Fundraising by telephone Tree diagrams can organize problems having more than two stages. The figure shows probabilities for a charity calling potential donors by telephone. 24 Each person called is either a recent donor, a past donor, or a new prospect. At the next stage, the person called either does or does not pledge to contribute, with conditional probabilities that depend on the donor class to which the person belongs. Finally, those who make a pledge either do or don’t actually make a contribution. Suppose we randomly select a person who is called by the charity.

a. What is the probability that the person contributed to the charity?

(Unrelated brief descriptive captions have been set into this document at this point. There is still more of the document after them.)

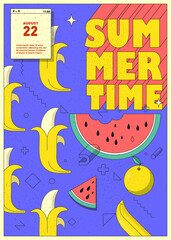 Poster summer time and rest. Flat style, linear graphics. Vector illustration. A4 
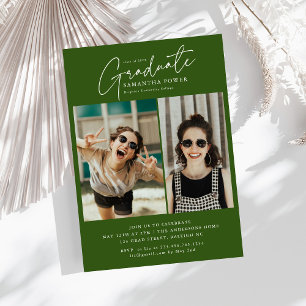 Invitation Modern Script Graduate 2 Photos Graduation Party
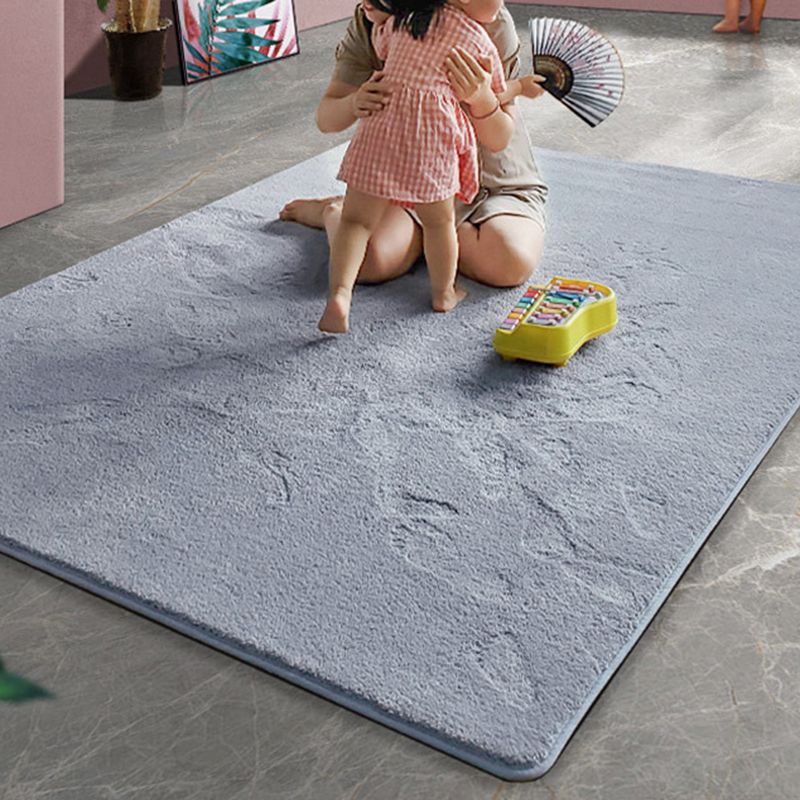 Casual Plain Rug Multi-Color Artificial Wool Carpet Washable Anti-Slip Rug for Great Room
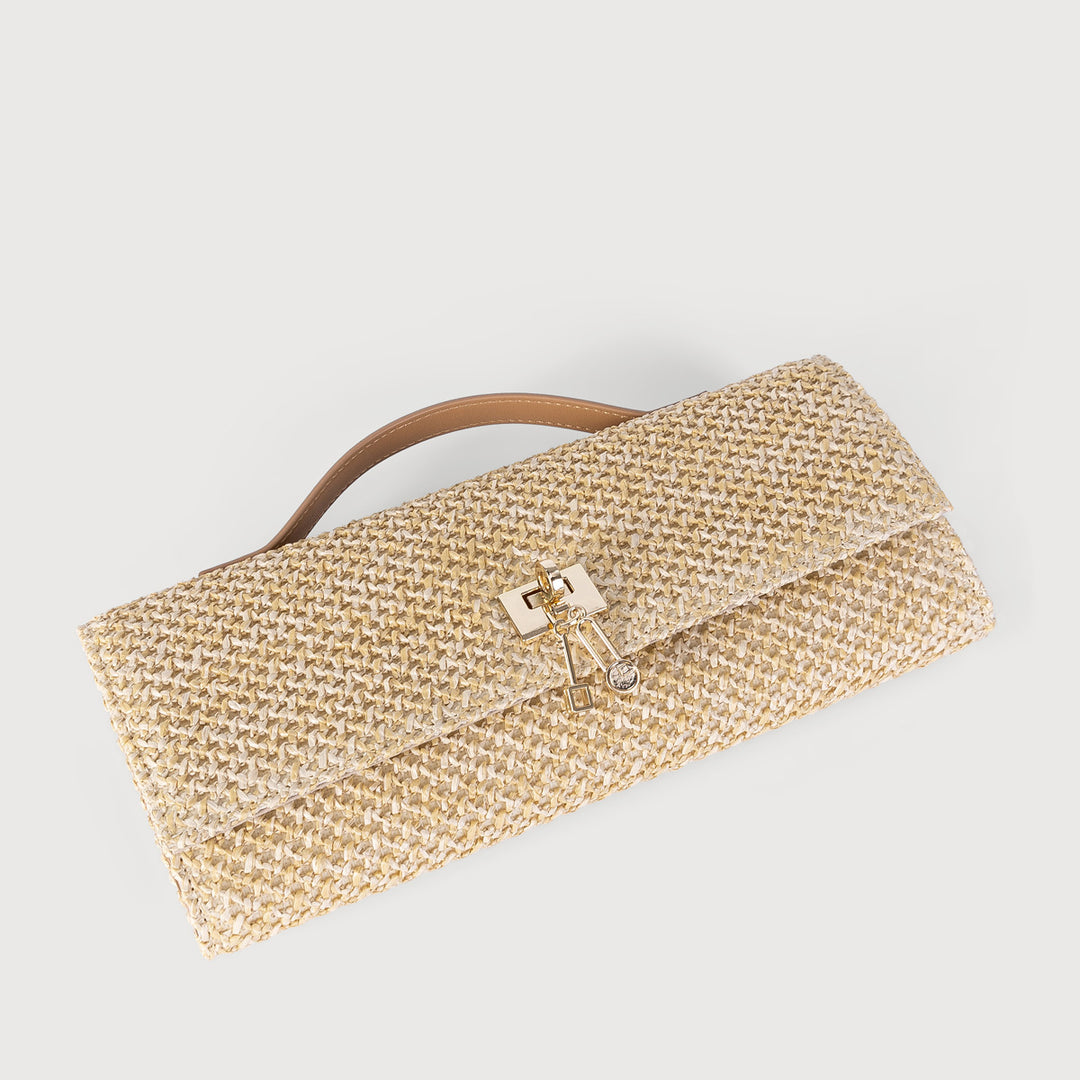 Women's Straw Bag Metal Chain Crossbody Bag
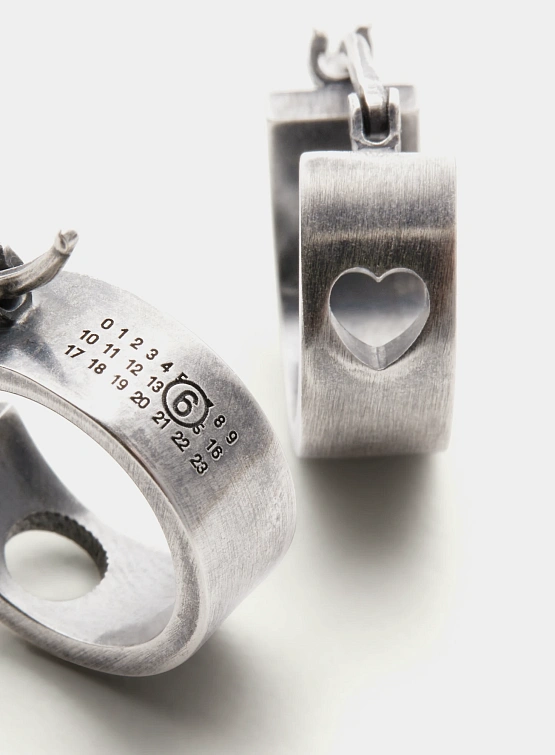 Серьги MM6 Maison Margiela Number Logo Motif Hoop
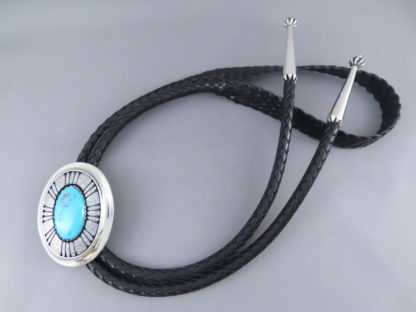 Blue Gem Turquoise Bolo Tie by Al Joe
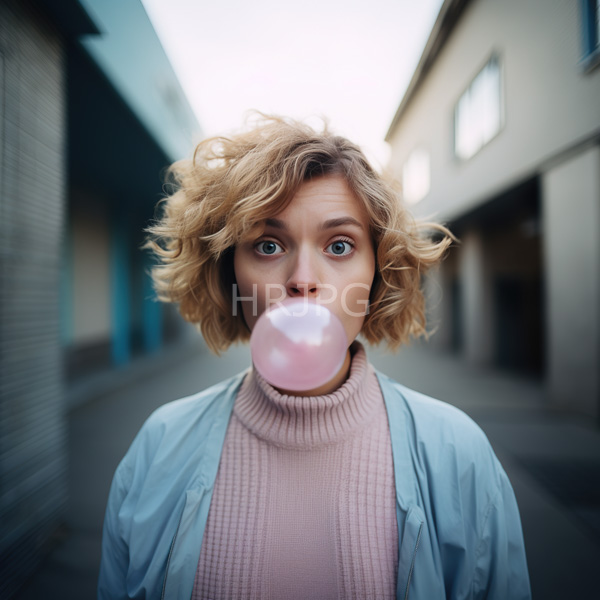 High Resolution: Blonde woman with curly hair blue eyes and fair skin is blowing pink bubble gum in an alleyway wearing a pink turtleneck and light blue jacket download. | HRJPG.com
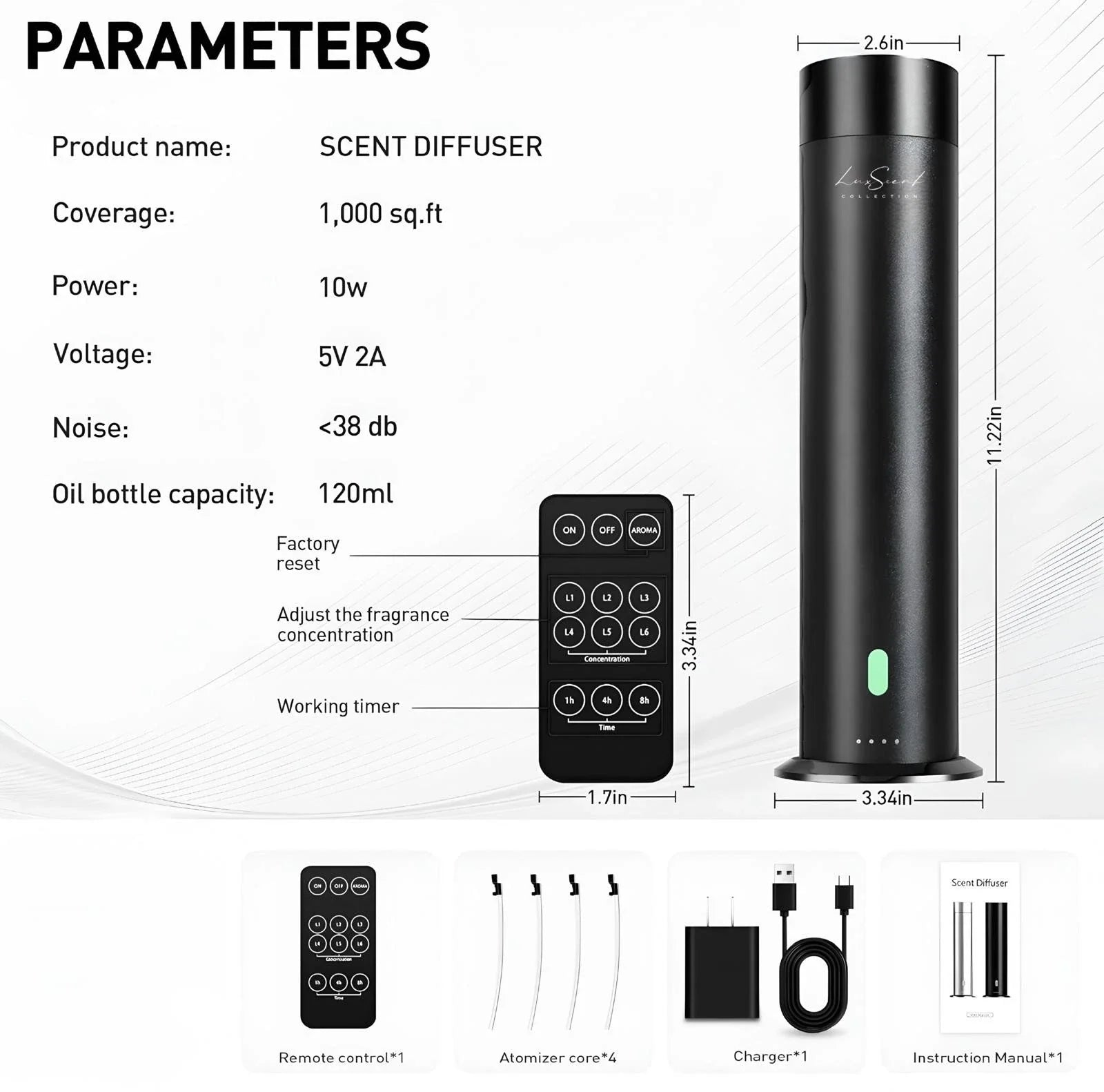 AROMA Mini Diffuser 1200 Sqft Black or Silver W/ 5 Scents 20ml Hotel Collection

b. Given that the person contributed, find the probability that he or she is a recent donor

According to multiplication rule for independent events,

$P(\mathrm{A}\text{and}\mathrm{B}\text{and}\mathrm{C})=P(\mathrm{A}\cap \mathrm{B}\cap \mathrm{C})=P(\mathrm{A})\times P(\mathrm{B})\times P\left(\mathrm{C}\right)$

According to the addition rule for mutually exclusive events:

$P(\mathrm{A}\cup \mathrm{B}\cup \mathrm{C})=P(\mathrm{A}\text{or}\mathrm{B}\text{or}\mathrm{C})=P(\mathrm{A})+P(\mathrm{B})+P\left(\mathrm{C}\right)$

Let

R: Recent donor

P: Past donor

N: New prospect

PL: Pledge to contribute

C: Contributor

Now,

For recent donors:

Probability for recent donor,

$P\left(\mathrm{R}\right)=0.5$

Probability for recent donor pledge to contribute,

$P\left(\mathrm{PL}\right)=0.4$

Probability for recent donor makes contribution,

$P\left(C\right)=0.8$

For past donors:

Probability for past donor,

$P\left(\mathrm{P}\right)=0.3$

Probability for past donor makes contribution,

$P\left(C\right)=0.6$

For new prospects:

Probability for new prospect,

$P(\mathrm{N})=0.2$

Probability for new prospect pledge to contribute,

$P\left(\mathrm{PL}\right)=0.1$

Probability for new prospect makes contribution,

$P\left(C\right)=0.5$

Now,

Since each person cannot become all three types of contributor,

Apply multiplication rule for each of the above three cases separately:

For recent donors:

$P(\mathrm{R}\cap \mathrm{PL}\cap \mathrm{C})=P\left(\mathrm{R}\right)\times P\left(\mathrm{PL}\right)\times P\left(\mathrm{C}\right)=0.5\times 0.4\times 0.8=0.1600$

For past donors:

$P(\mathrm{P}\cap \mathrm{PL}\cap \mathrm{C})=P\left(\mathrm{P}\right)\times P\left(\mathrm{PL}\right)\times P\left(\mathrm{C}\right)=0.3\times 0.3\times 0.6=0.0540$

For new prospect:

$P(\mathrm{N}\cap \mathrm{PL}\cap \mathrm{C})=P(\mathrm{N})\times P\left(\mathrm{PL}\right)\times P\left(\mathrm{C}\right)=0.2\times 0.1\times 0.5=0.0100$

To get the probability for contributor,

Apply the addition rule for mutually exclusive events:

$P\left(\mathrm{C}\right)=P(\mathrm{R}\cap \mathrm{PL}\cap \mathrm{C})+P(\mathrm{P}\cap \mathrm{PL}\cap \mathrm{C})+P(\mathrm{N}\cap \mathrm{PL}\cap \mathrm{C})$

$=0.1600+0.0540+0.0100$

$=0.2240$

Thus,

The probability for the randomly selected person contributes to the charity is $0.2240.$

From Part (a),

We have

Probability for the person contributes to charity,

$P\left(C\right)=0.2240$

Probability for recent donor and pledged to contribute and contributor,

$P(\mathrm{R}\cap \mathrm{PL}\cap \mathrm{C})=0.1600$

It is understood that

Recent donor who contributed was pledged to contribute.

Thus,

$P(\mathrm{R}\cap \mathrm{PL}\cap \mathrm{C})=P(\mathrm{R}\cap \mathrm{C})=0.1600$

Apply the conditional probability:

$P(\mathrm{R}\mid \mathrm{C})=\frac{P(\mathrm{R}\cap \mathrm{C})}{P\left(\mathrm{C}\right)}=\frac{0.1600}{0.2240}\approx 0.7143$

Thus,

The conditional probability for the person contributed is a recent donor is approx. $0.7143.$